Segment Start: DATA TO PROCESS

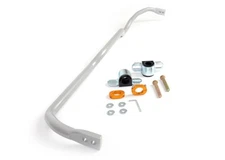 Whiteline VAG MK4/MK5 Rear 24mm Adjustable Sway Bar – Fits Volkswagen Jetta &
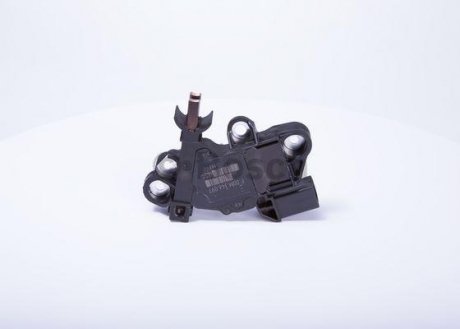 Электрорегулятор – замена на 1986AE0046 BOSCH F00M346097 (фото 1)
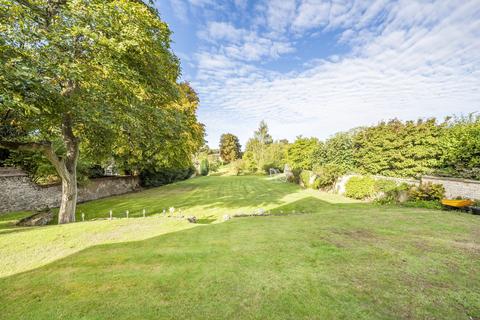 undefined, Great Coxwell, Faringdon, Oxfordshire, SN7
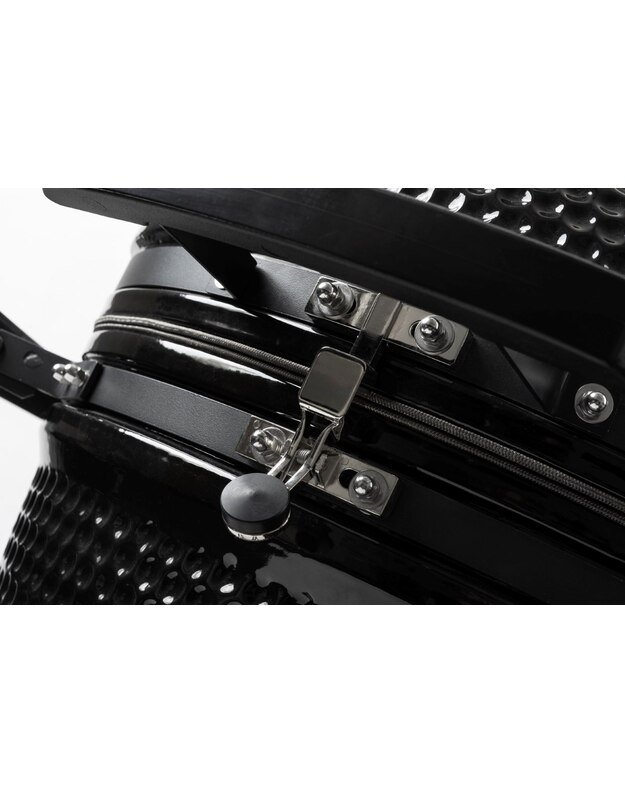 Kamado Get Red 22` (56cm)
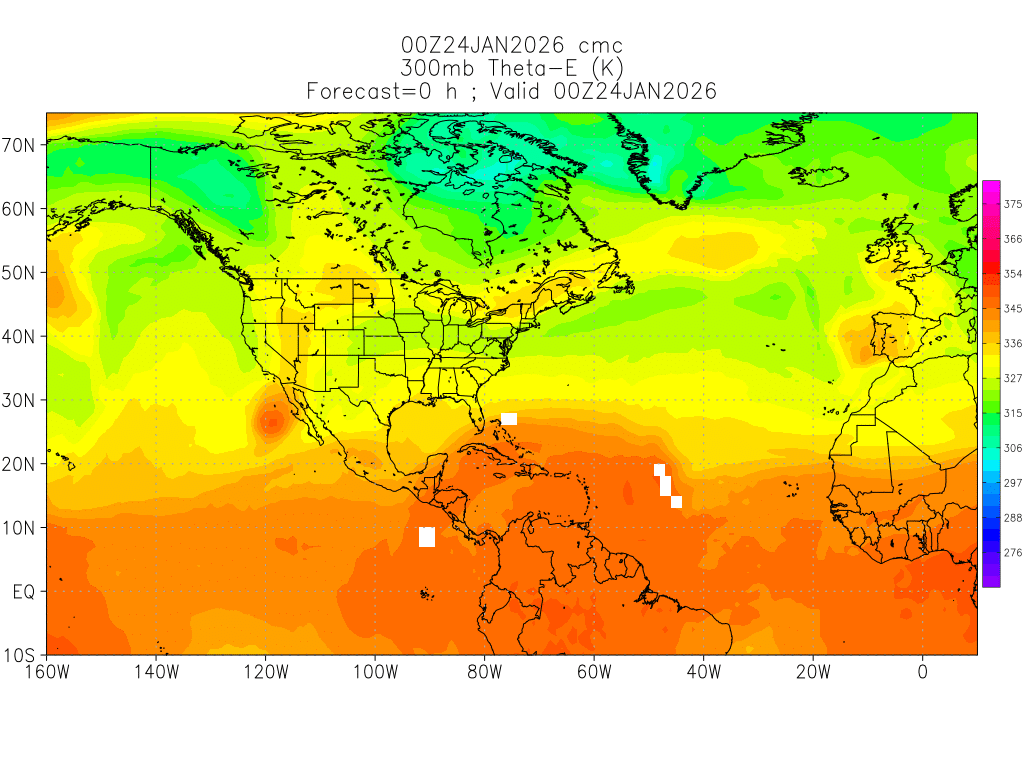 [JavaScript Image Player]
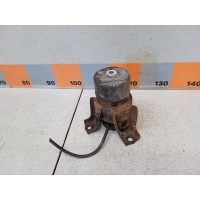 Опора двигателя Nissan Teana J32 2008 11270JN00E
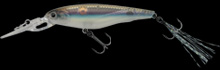 hit lure
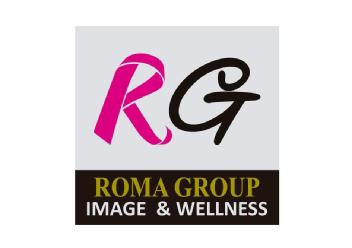 Imagen de RG ROMA GROUP IMAGE & WELLNESS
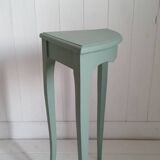 Pedestal table / Tripod pedestal table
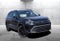 2026 Volkswagen Taos 1.5T SE Black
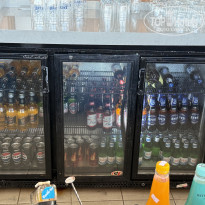 фото из отзыва ID 2721128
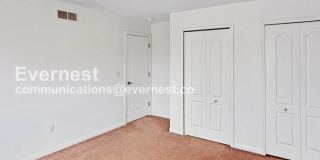 642 Bellaire Avenue Gallery 16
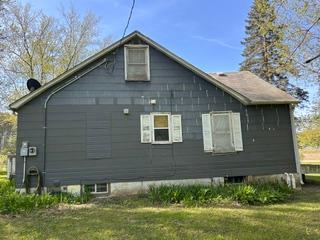 2464 Legend Street Mora MN 55051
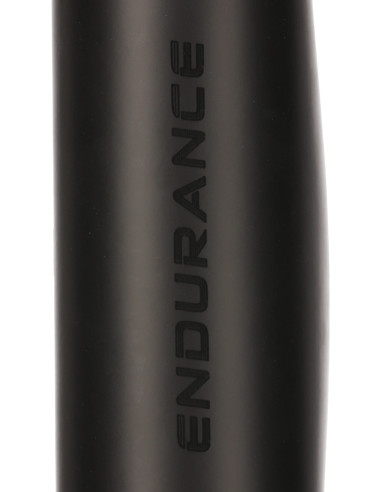 Fitness Yogamatta Unisex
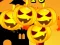 Spēle Dark Night online
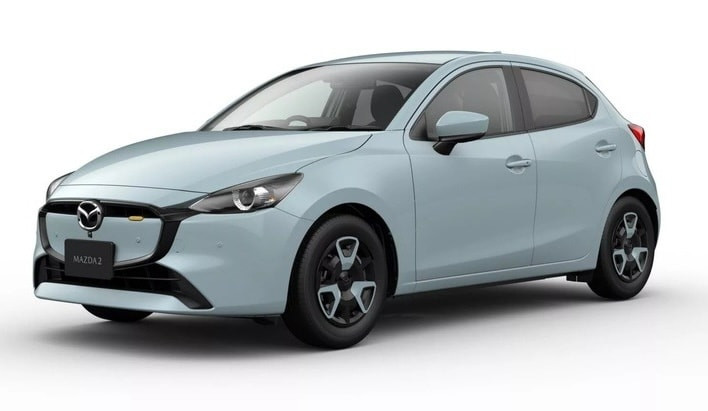 mazda2-1.jpg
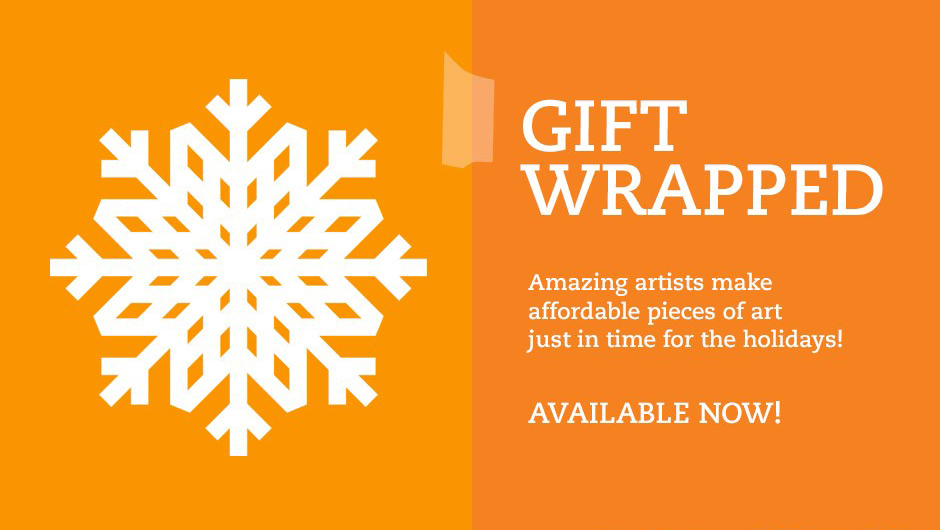 giftwrapped-feature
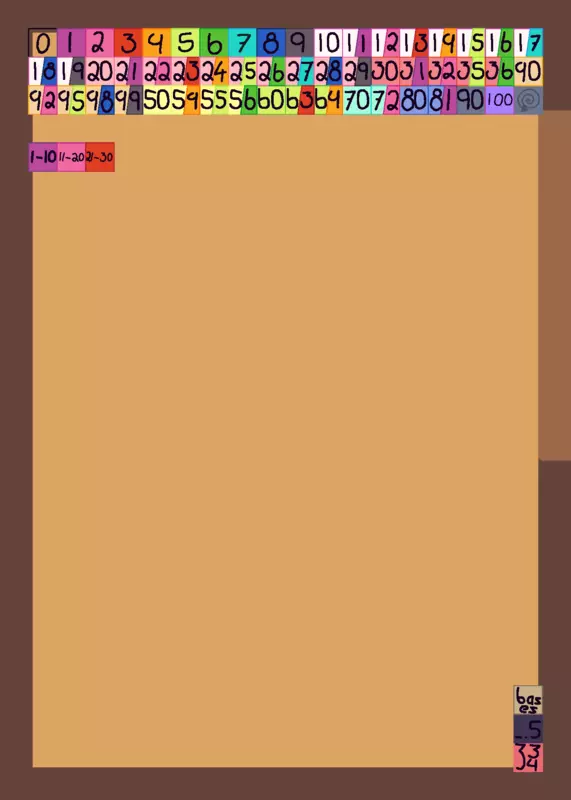 Game by @CrazyKostikCastle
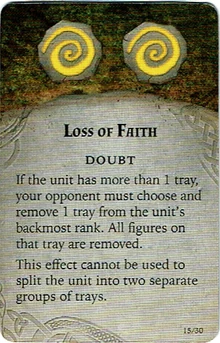 220?cb=20170731044121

Segment End: DATA TO PROCESS

**DESCRIPTION OF THE TASK**
Using the data above, retype exactly the lines from the line with "Pedestal table / Tripod pedestal table" to the line with "Game by @CrazyKostikCastle", inclusive. No pictures and nothing else.

**ANSWER TO THE PROBLEM**
 Pedestal table / Tripod pedestal table
 2026 Volkswagen Taos 1.5T SE Black
 фото из отзыва ID 2721128
 642 Bellaire Avenue Gallery 16
 2464 Legend Street Mora MN 55051
 Fitness Yogamatta Unisex
 Spēle Dark Night online
 mazda2-1.jpg
 giftwrapped-feature
 Game by @CrazyKostikCastle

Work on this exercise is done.